──────── DATA FOR THE TASK ────────

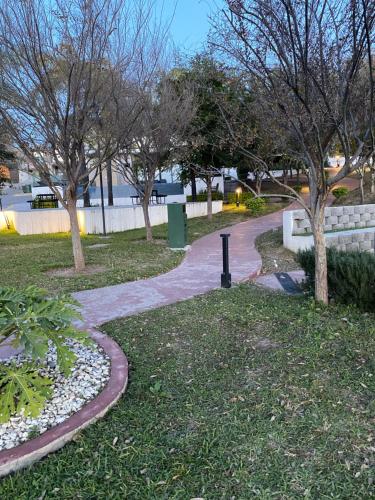 a walkway in a park with trees and grass at Cozy Room in Monterrey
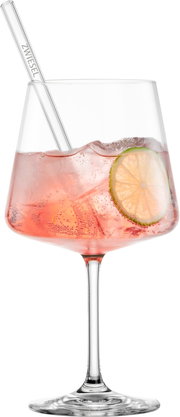 Nahaufnahme in frontaler Perspektive: bauchiges Weinglas mit rosafarbenem sprudelndem Drink, Eiswürfeln, Limettenscheibe und Glasstrohhalm auf weißem Hintergrund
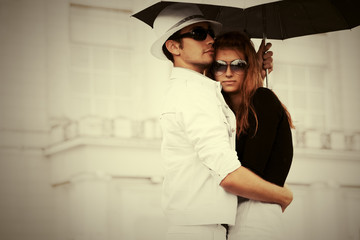 Young fashion couple in love with umbrella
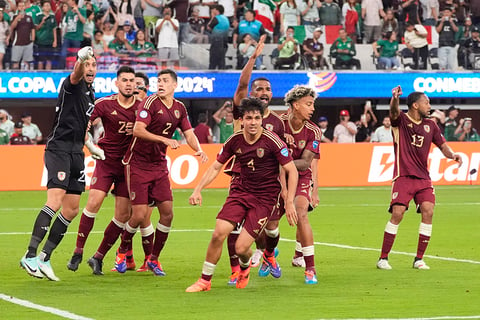 Venezuela players react after Mexico's Orbelin Pineda misses a penalty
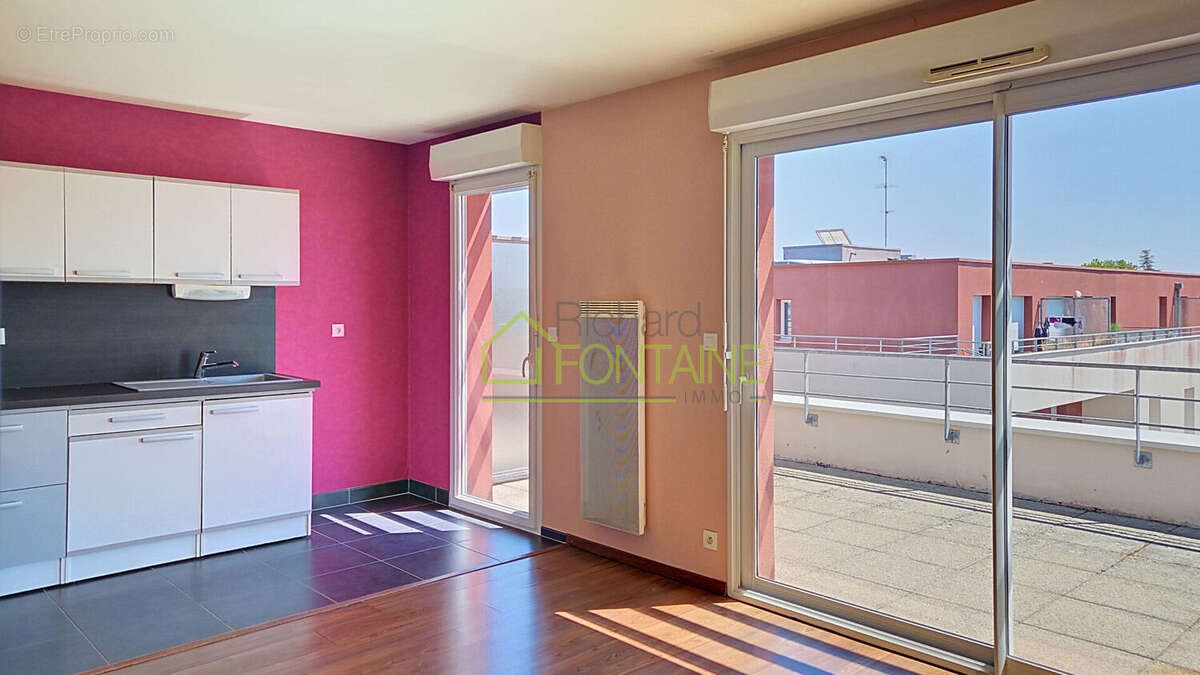 Appartement T2 en dernier étage avec grande terrasse et garage femé en sous-sol - photo 3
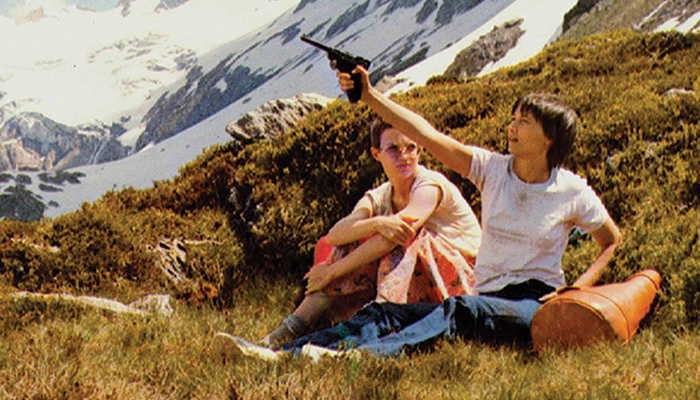 Two woman sit on mountainside, one holds a gun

────────

▸ TASK ITEM: An exact copy of the lines from the one with "Appartement T2 en" through the end of the entries above, both included, is the whole answer. It contains no pictures.

▸ COMPLETED TASK:
 Appartement T2 en dernier étage avec grande terrasse et garage femé en sous-sol - photo 3
 Two woman sit on mountainside, one holds a gun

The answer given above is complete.